Everything from the line containing "丝袜美腿视频一区二区三区_720迅雷电影在线" through the last line of the entries needs to be repeated exactly. Pictures must be left out.

──────────

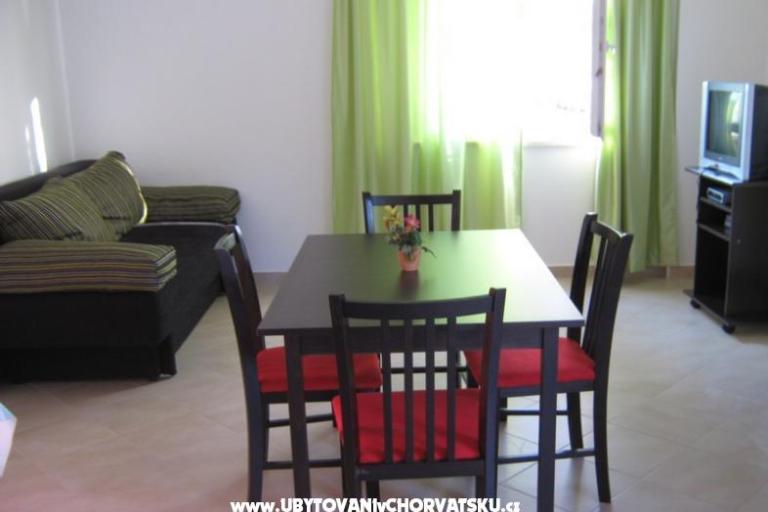 Appartements Antunović – foto 2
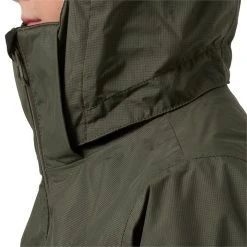 Helly Hansen Loen Jacket - Kids' -Outlet Epic Ski Gear Store helly hansen loen jacket kids 9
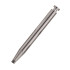 .048 Hex Latch Driver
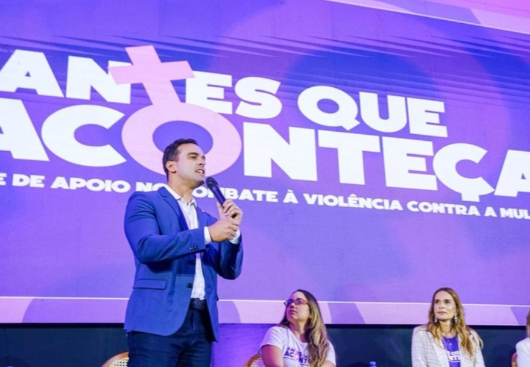 Reprodução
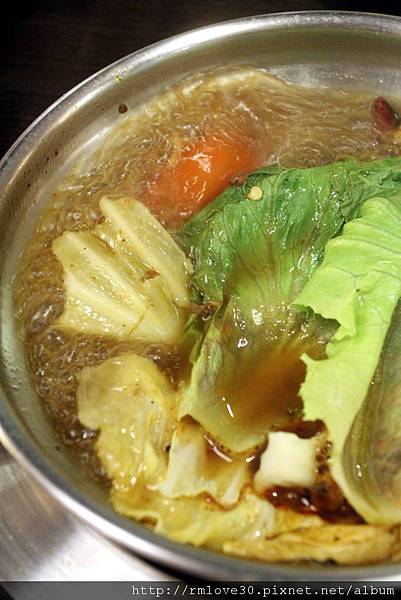 東區‧超高C/P味自慢火鍋吃到飽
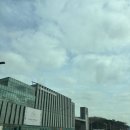 국제웨딩컨벤션(주) | 평택 웨딩홀 국제웨딩컨벤션 홀패키지 계약 후기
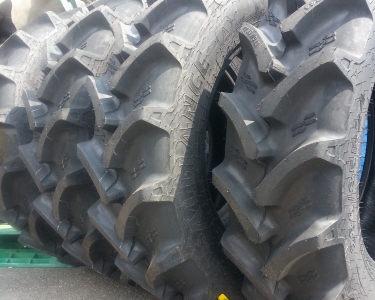 TALL 280 85R24  (1)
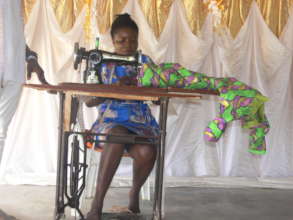 Tailoring Student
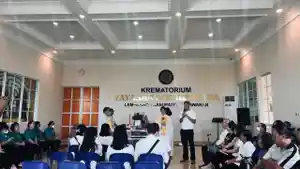 Rest-In-Peace-Prosesi-kremasi-d.jpg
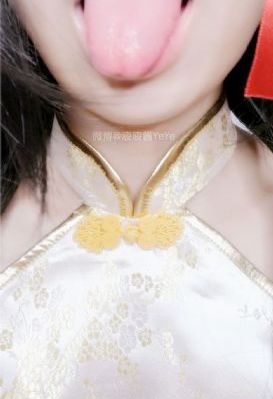 丝袜美腿视频一区二区三区_720迅雷电影在线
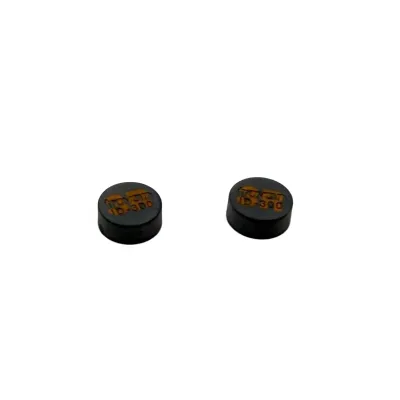 High Quality Code Carrier Fixture for System 3R Electrode Holder and Pallet on Automation HE-R06763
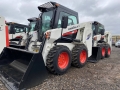 Lonking CDM308 [3]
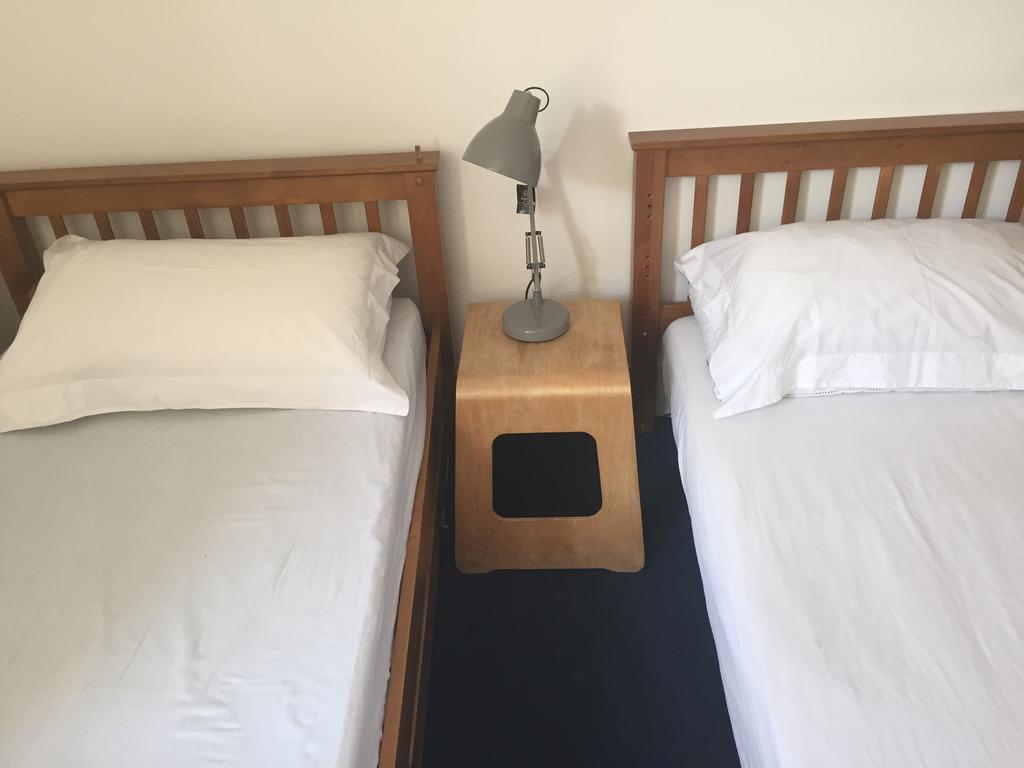 Homestay Catford Homestay *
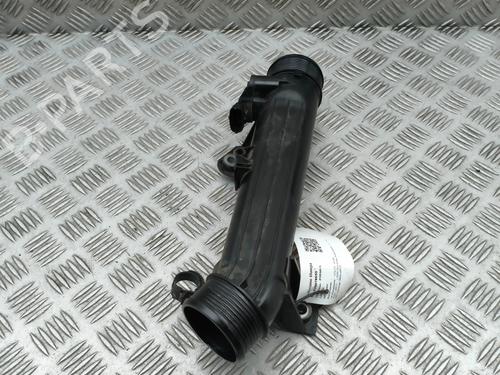 Intercooler pipe VOLVO XC40 (536) D3 | BP39958813M127 - Image 2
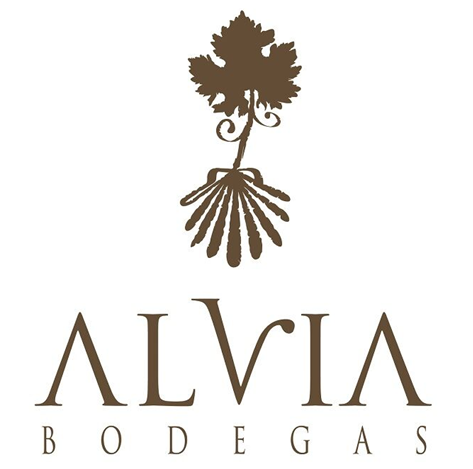 Bodegas Alvia
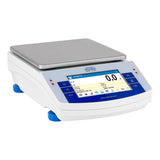 Radwag WLC 6.X2 Advanced Precision Balance-6 kg Capacity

──────────

#### Answer box:
 丝袜美腿视频一区二区三区_720迅雷电影在线
 High Quality Code Carrier Fixture for System 3R Electrode Holder and Pallet on Automation HE-R06763
 Lonking CDM308 [3]
 Homestay Catford Homestay *
 Intercooler pipe VOLVO XC40 (536) D3 | BP39958813M127 - Image 2
 Bodegas Alvia
 Radwag WLC 6.X2 Advanced Precision Balance-6 kg Capacity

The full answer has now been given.